§ What needs to be done: Write back every line of the listing exactly, excluding images.

§ Collected data:

'''

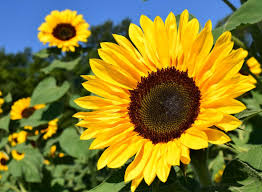 Siapa yang tidak mengenal bunga matahari? Kebun Bunga Matahari Yang Cocok Untuk Pekarangan Rumah Blog Floweradvisor Indonesia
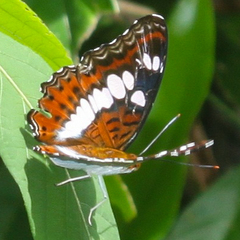 Moduza procris procris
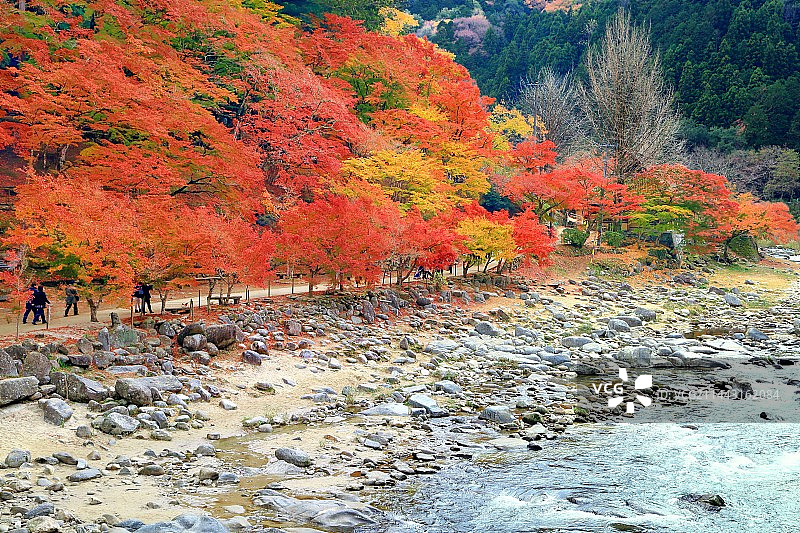 日本爱知县丰田市香岚溪峡谷秋叶图片素材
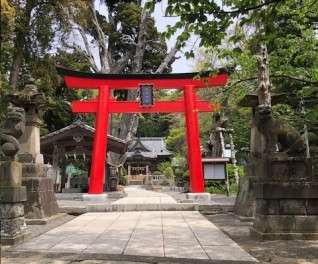 大型連休いかがお過ごしですか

'''

§ Answer space:
 Siapa yang tidak mengenal bunga matahari? Kebun Bunga Matahari Yang Cocok Untuk Pekarangan Rumah Blog Floweradvisor Indonesia
 Moduza procris procris
 日本爱知县丰田市香岚溪峡谷秋叶图片素材
 大型連休いかがお過ごしですか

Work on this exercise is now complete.